§ **Exercise goal**: Print exactly those lines that run from the beginning of the data to the line bearing "Брюки Boohoo (238974200)", inclusive.

§ **Data under study**:
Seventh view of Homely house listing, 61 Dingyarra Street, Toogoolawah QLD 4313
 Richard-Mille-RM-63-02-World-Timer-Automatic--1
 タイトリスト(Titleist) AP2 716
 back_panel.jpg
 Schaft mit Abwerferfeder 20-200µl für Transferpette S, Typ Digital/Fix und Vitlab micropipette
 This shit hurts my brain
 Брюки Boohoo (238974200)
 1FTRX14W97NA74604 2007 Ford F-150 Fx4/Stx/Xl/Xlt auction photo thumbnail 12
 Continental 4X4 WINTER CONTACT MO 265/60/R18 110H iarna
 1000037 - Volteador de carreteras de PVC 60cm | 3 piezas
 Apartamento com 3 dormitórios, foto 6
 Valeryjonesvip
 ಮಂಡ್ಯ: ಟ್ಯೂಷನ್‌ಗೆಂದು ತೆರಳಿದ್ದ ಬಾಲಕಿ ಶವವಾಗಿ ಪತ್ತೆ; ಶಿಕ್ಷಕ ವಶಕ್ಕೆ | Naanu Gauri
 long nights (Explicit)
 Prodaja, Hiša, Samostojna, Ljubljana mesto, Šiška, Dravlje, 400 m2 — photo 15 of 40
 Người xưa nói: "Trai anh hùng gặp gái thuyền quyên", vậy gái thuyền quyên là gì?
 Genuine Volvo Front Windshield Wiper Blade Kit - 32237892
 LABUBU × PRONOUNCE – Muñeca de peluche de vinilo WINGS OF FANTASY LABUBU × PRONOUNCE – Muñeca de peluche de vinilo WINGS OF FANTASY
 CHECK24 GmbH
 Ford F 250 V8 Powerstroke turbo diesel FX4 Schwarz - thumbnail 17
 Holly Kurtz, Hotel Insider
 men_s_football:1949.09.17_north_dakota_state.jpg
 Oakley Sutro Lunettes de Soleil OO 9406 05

§ **Result for this task**:
Seventh view of Homely house listing, 61 Dingyarra Street, Toogoolawah QLD 4313
 Richard-Mille-RM-63-02-World-Timer-Automatic--1
 タイトリスト(Titleist) AP2 716
 back_panel.jpg
 Schaft mit Abwerferfeder 20-200µl für Transferpette S, Typ Digital/Fix und Vitlab micropipette
 This shit hurts my brain
 Брюки Boohoo (238974200)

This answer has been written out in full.